§ **Recorded data**:
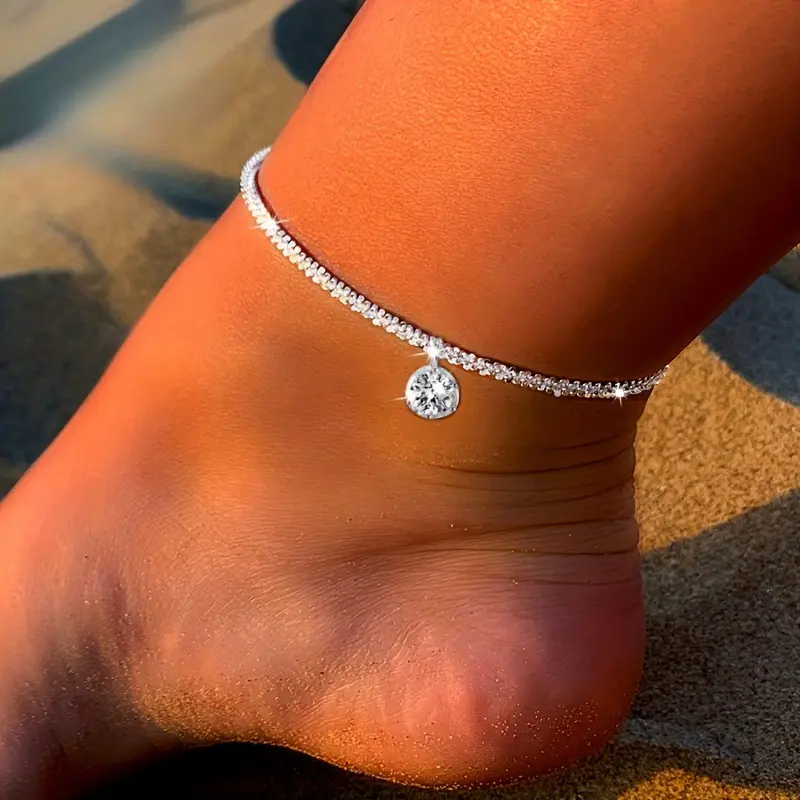 Trendy 925 Sterling Silvery Chain Anklet, Elegant Bling Design & Lightweight Texture, Delicate Foot Accessory Perfect for Parties and Social Gatherings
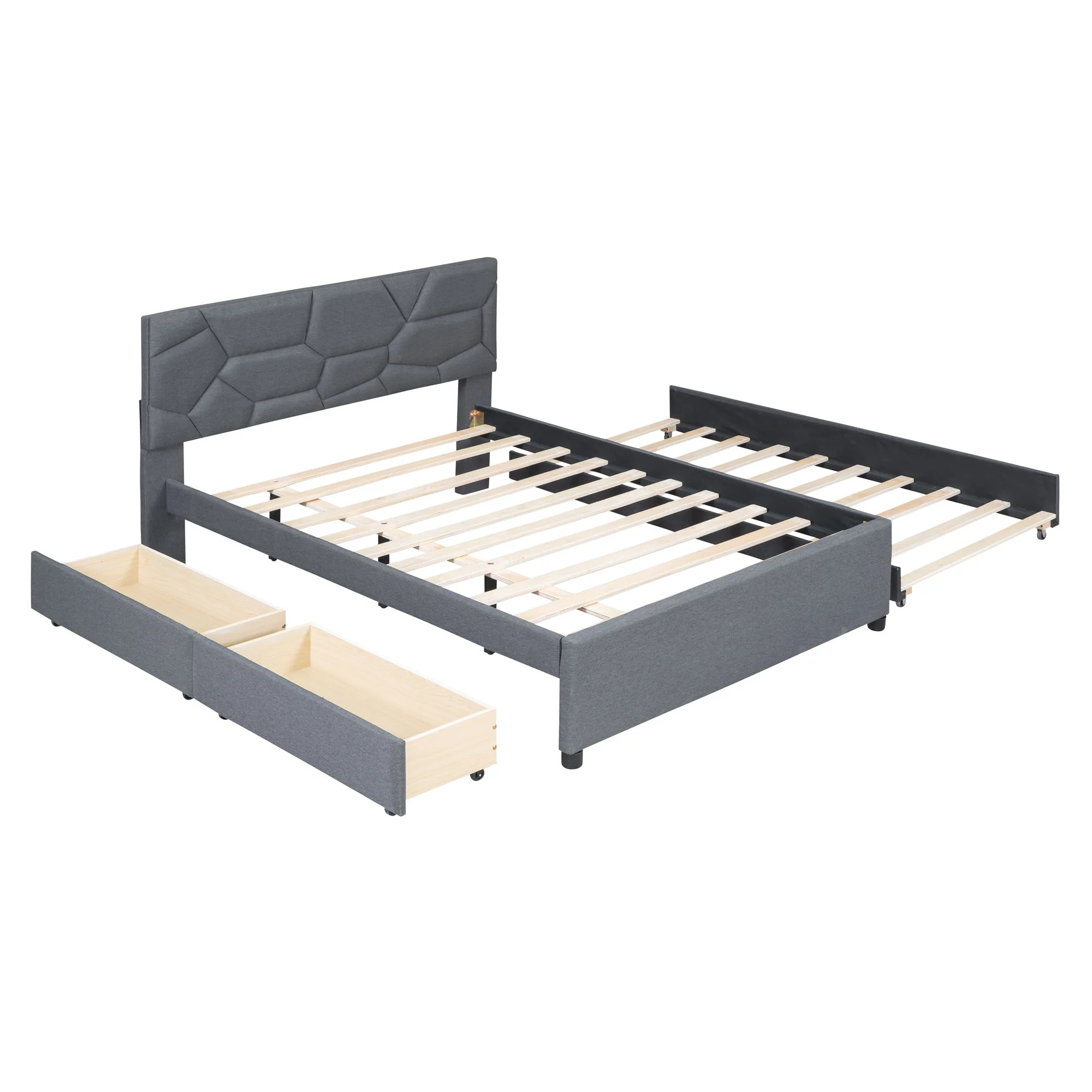 Upholstered Platform Bed With Brick Pattern Headboard And Twin Long Size Trundle - Image 15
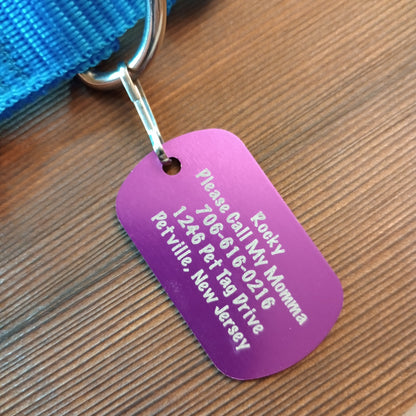 Purple Military Style Pet Tag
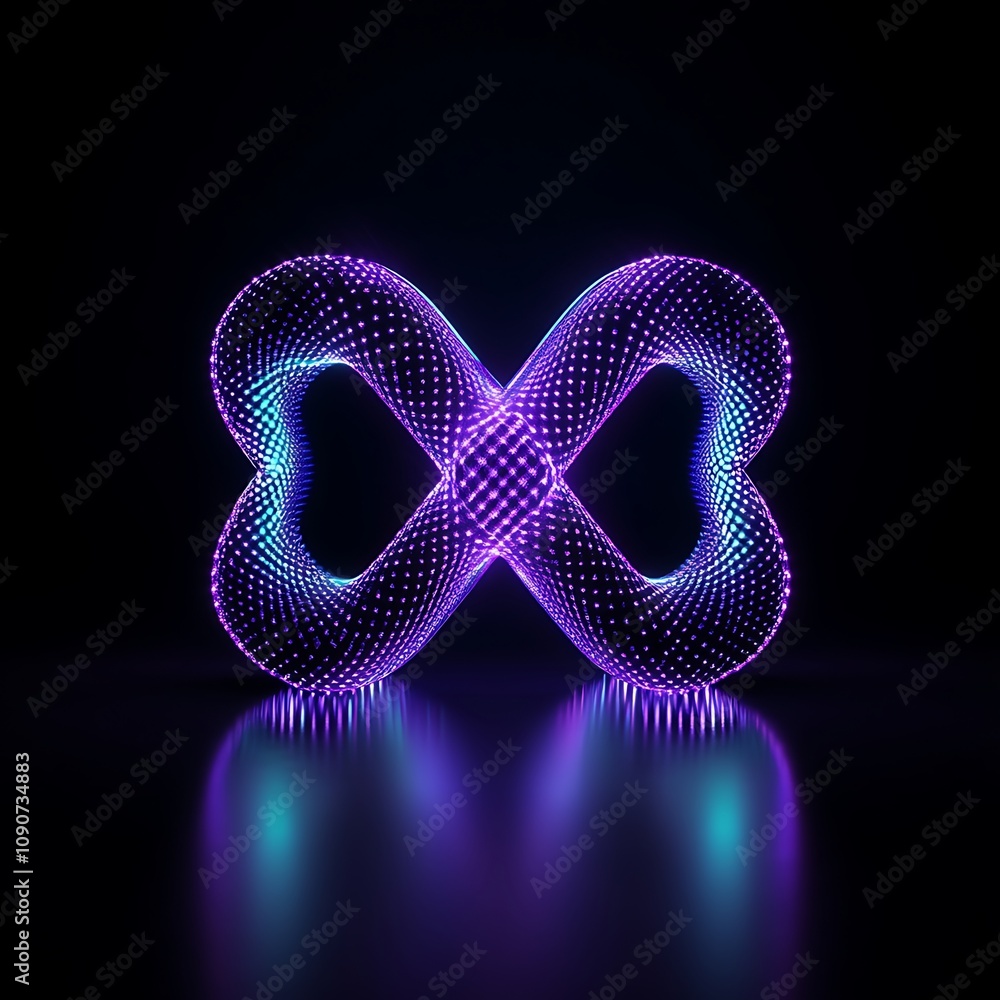 Poster futuristic neon infinity loop design with vibrant blue and purple lights on a dark reflection surfac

§ **What you have to do**: Exactly restate the lines from the beginning of the data through the line with "Purple Military Style Pet Tag", and no others, keeping pictures out.

§ **Result of the exercise**:
 Trendy 925 Sterling Silvery Chain Anklet, Elegant Bling Design & Lightweight Texture, Delicate Foot Accessory Perfect for Parties and Social Gatherings
 Upholstered Platform Bed With Brick Pattern Headboard And Twin Long Size Trundle - Image 15
 Purple Military Style Pet Tag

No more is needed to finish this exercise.